- REQUIRED WORK: In the entries that follow, find the line containing "Garden Mum Chrysanthemum" and the line containing "d0072395_1495425.jpg", then retype exactly the lines from the first through the second, pictures excluded.

- MATERIAL PROVIDED:
........
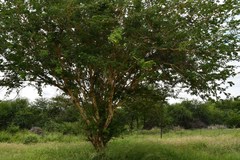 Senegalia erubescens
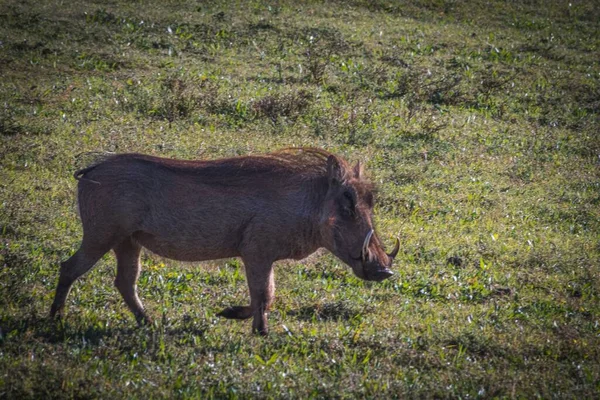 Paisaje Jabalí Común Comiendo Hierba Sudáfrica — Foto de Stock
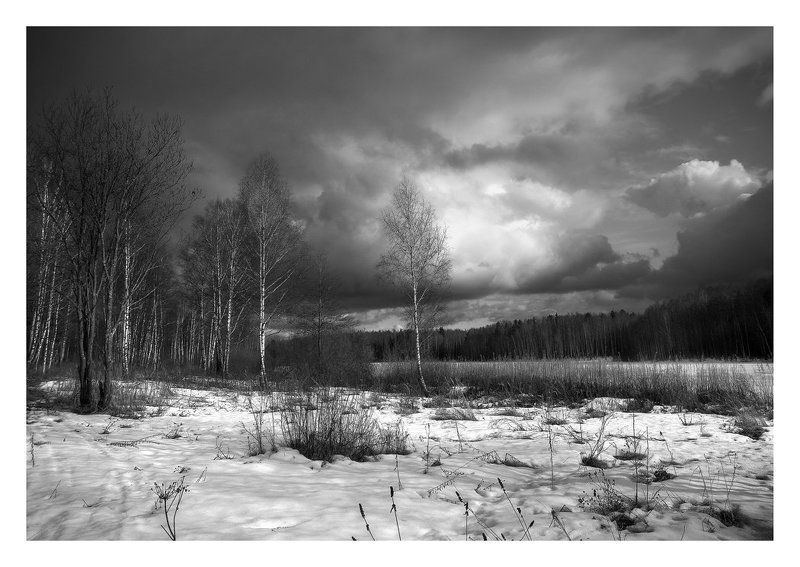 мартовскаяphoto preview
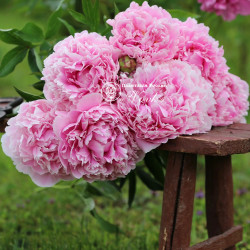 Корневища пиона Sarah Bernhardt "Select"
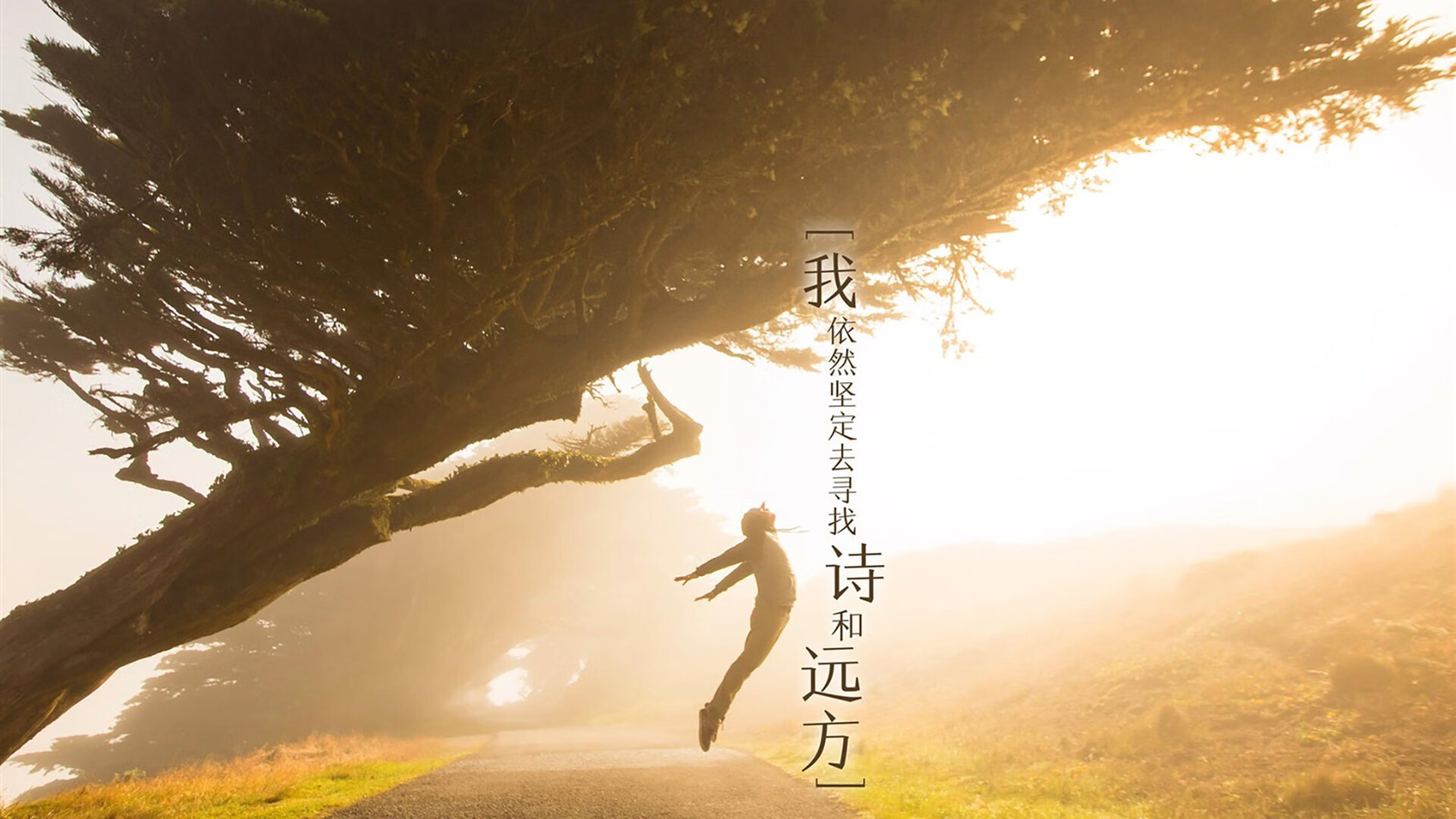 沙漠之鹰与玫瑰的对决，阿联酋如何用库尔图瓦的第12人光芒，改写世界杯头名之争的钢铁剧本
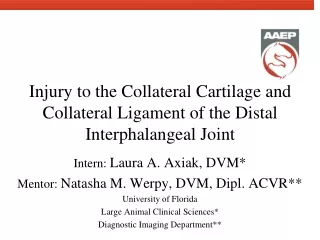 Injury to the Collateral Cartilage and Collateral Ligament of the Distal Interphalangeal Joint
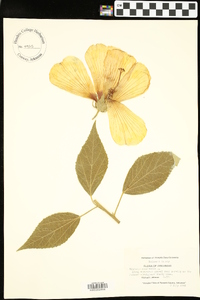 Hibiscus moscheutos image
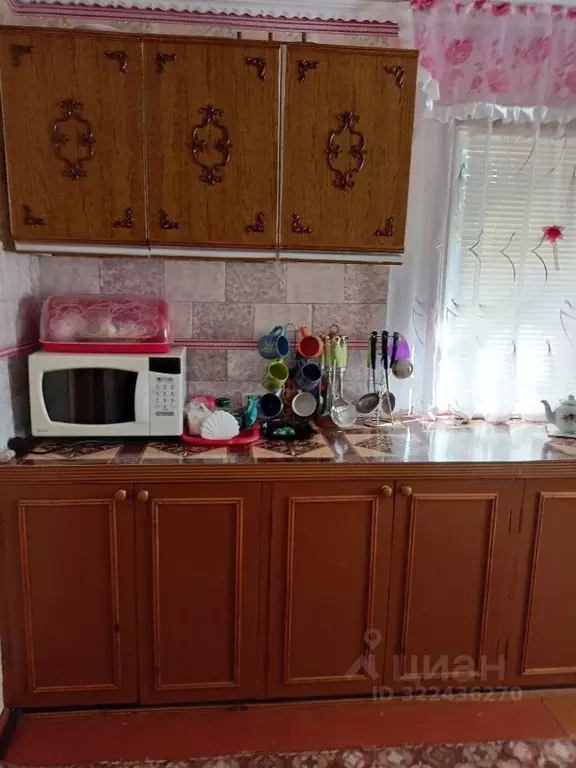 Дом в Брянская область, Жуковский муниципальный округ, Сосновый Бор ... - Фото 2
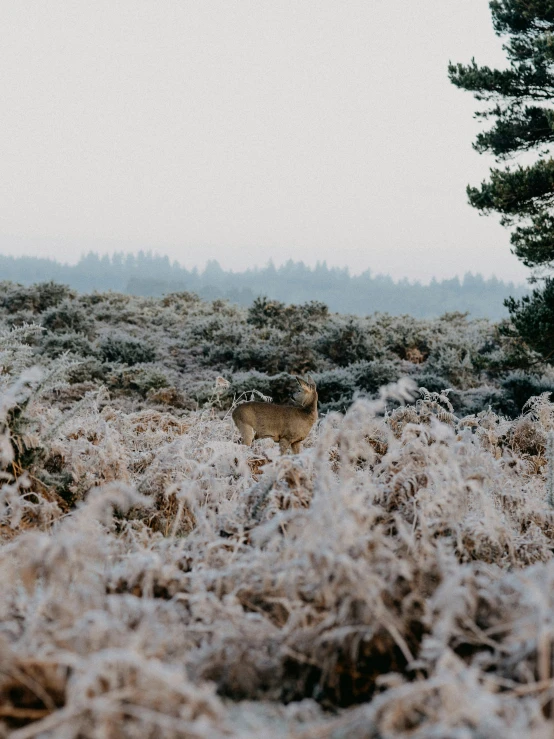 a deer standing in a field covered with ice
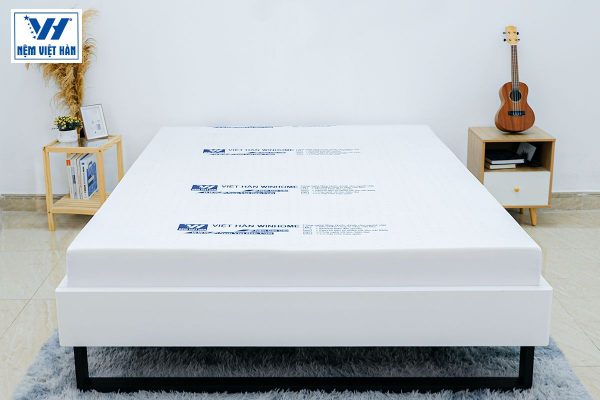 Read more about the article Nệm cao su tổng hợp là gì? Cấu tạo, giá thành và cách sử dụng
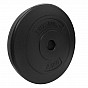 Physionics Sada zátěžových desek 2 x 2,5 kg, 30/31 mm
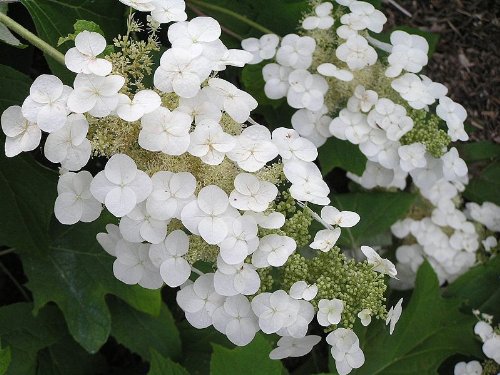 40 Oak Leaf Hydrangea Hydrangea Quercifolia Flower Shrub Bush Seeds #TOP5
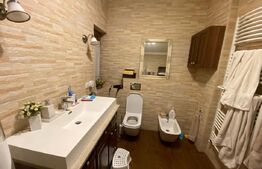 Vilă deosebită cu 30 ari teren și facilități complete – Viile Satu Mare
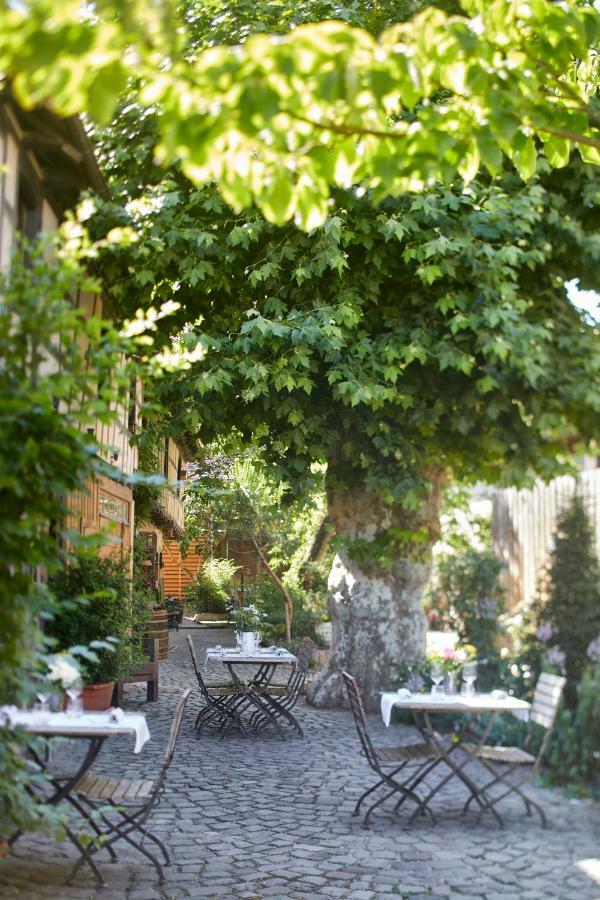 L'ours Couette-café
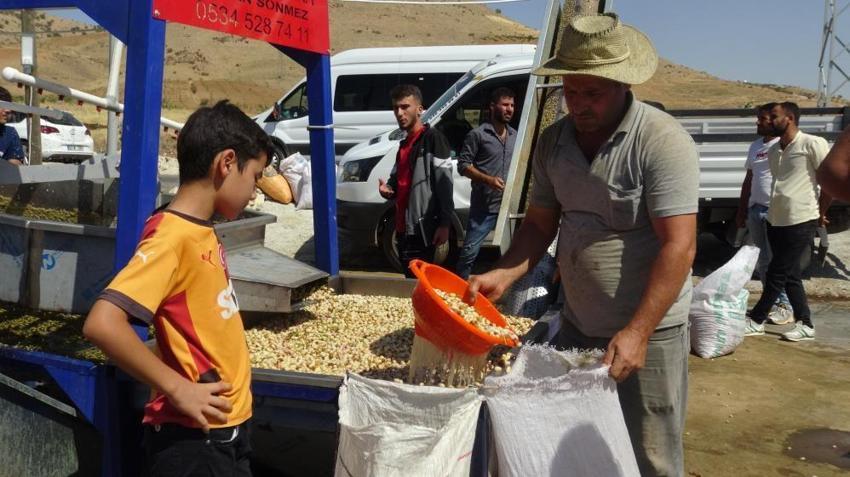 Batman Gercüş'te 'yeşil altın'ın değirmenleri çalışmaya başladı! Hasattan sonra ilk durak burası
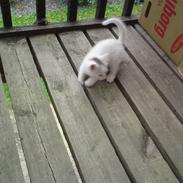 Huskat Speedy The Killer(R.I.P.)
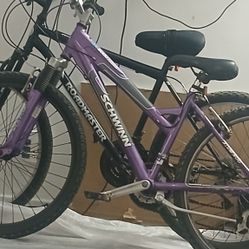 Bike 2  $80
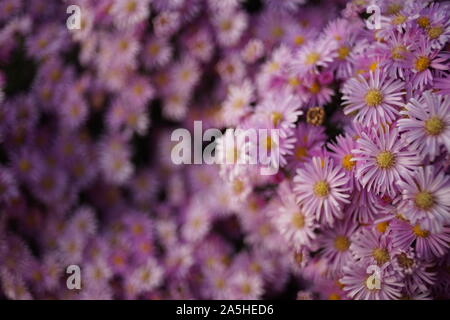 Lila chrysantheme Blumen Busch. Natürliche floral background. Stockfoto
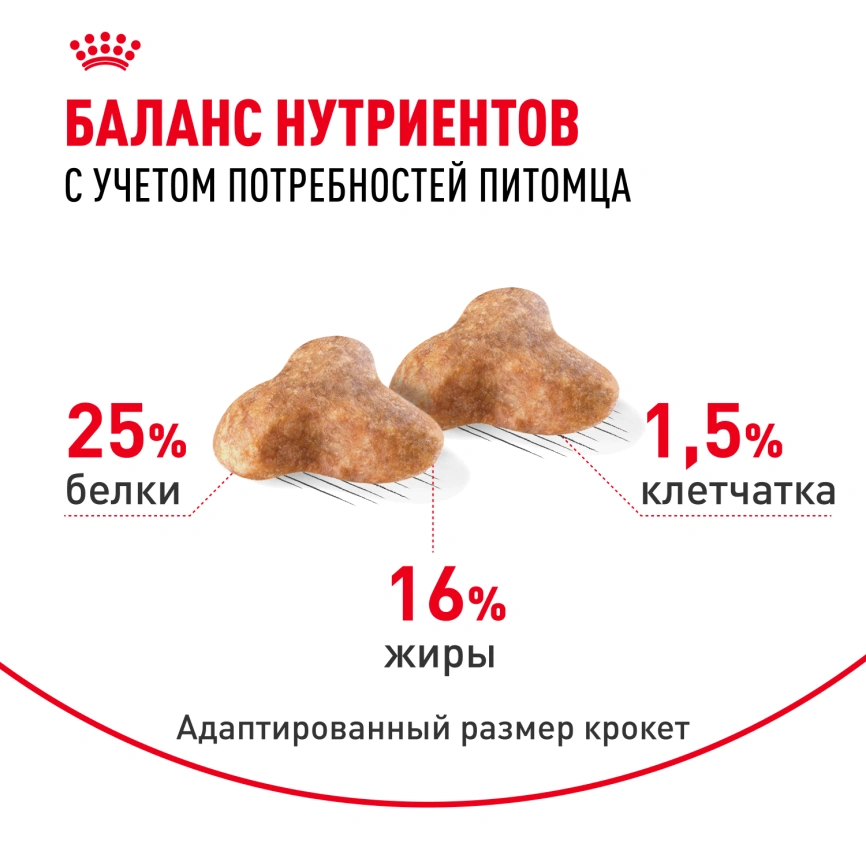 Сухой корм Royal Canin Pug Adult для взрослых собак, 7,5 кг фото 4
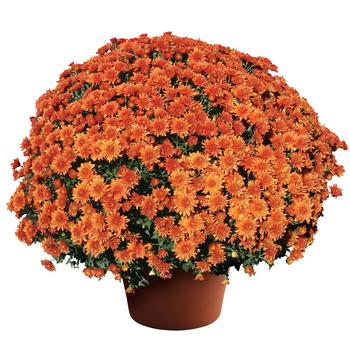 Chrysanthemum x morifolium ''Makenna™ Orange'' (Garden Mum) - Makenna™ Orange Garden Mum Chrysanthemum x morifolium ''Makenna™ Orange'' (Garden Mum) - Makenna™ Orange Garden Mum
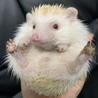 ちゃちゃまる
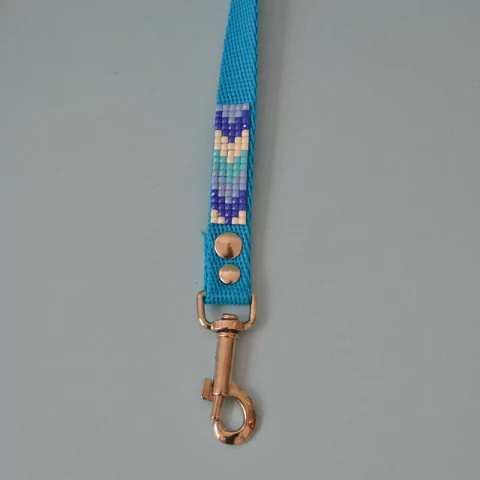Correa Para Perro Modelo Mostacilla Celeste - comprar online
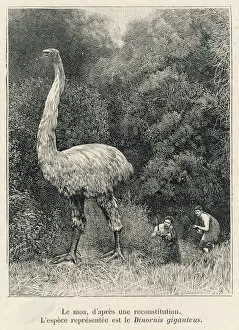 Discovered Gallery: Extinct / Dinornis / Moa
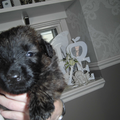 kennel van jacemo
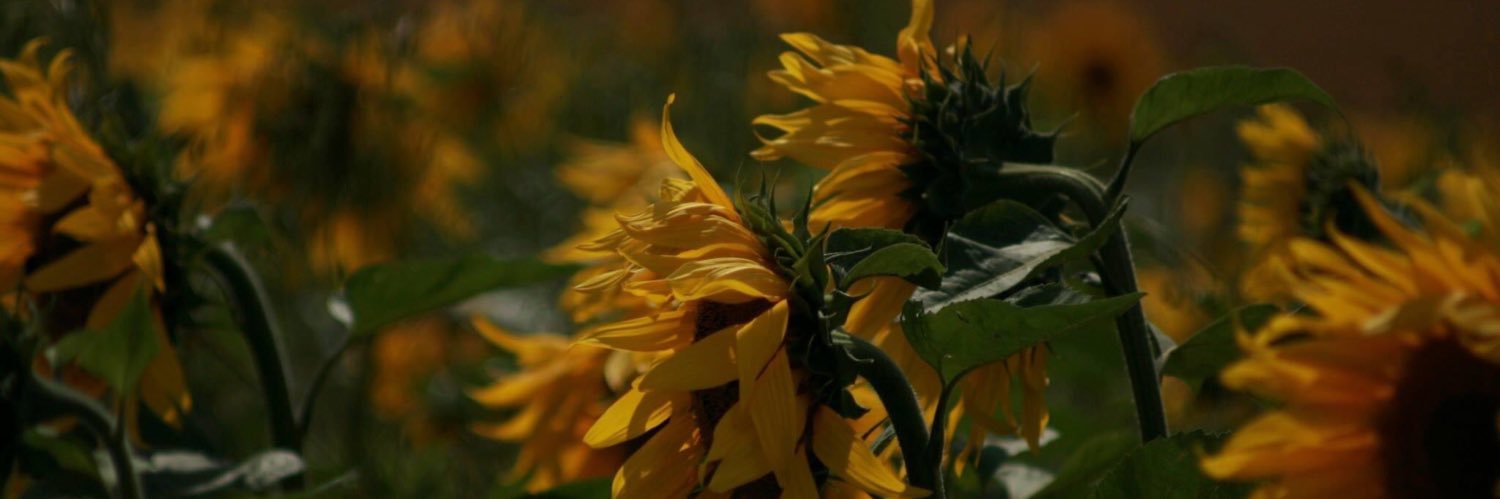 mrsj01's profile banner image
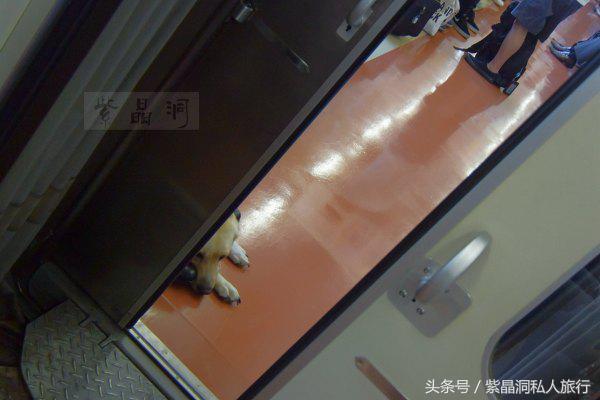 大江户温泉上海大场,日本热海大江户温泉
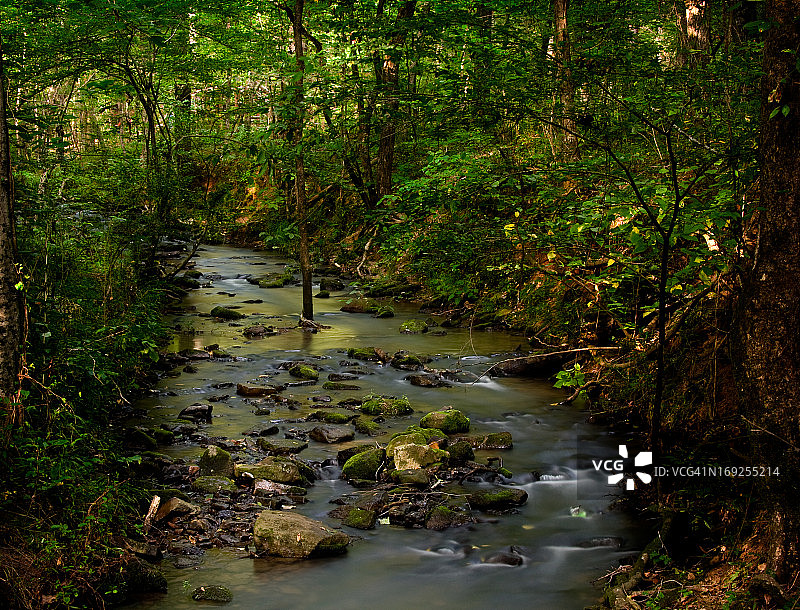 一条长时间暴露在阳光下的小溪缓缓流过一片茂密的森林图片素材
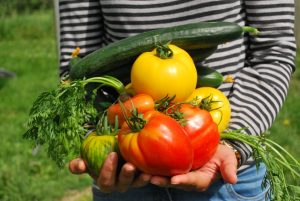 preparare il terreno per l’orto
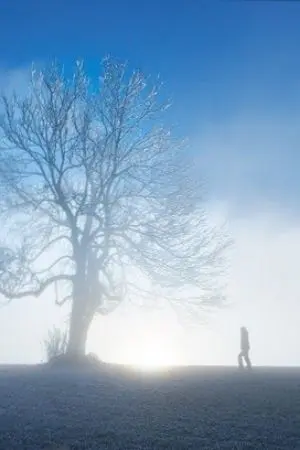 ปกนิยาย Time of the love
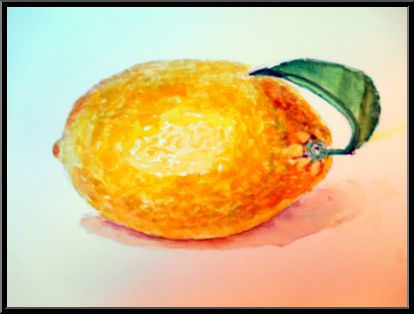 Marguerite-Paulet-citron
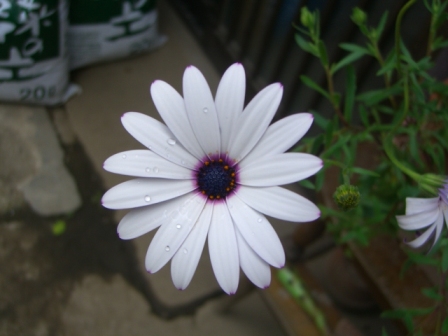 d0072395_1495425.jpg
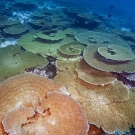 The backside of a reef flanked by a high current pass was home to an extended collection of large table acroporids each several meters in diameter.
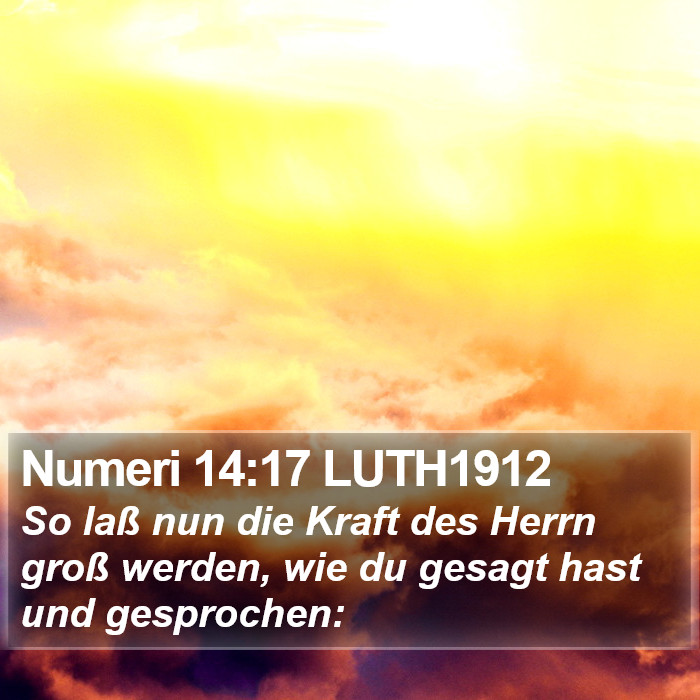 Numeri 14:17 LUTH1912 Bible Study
........
- SOLUTION:
 Chrysanthemum x morifolium ''Makenna™ Orange'' (Garden Mum) - Makenna™ Orange Garden Mum Chrysanthemum x morifolium ''Makenna™ Orange'' (Garden Mum) - Makenna™ Orange Garden Mum
 ちゃちゃまる
Correa Para Perro Modelo Mostacilla Celeste - comprar online
 Discovered Gallery: Extinct / Dinornis / Moa
 kennel van jacemo
 mrsj01's profile banner image
 大江户温泉上海大场,日本热海大江户温泉
 一条长时间暴露在阳光下的小溪缓缓流过一片茂密的森林图片素材
 preparare il terreno per l’orto
 ปกนิยาย Time of the love
 Marguerite-Paulet-citron
 d0072395_1495425.jpg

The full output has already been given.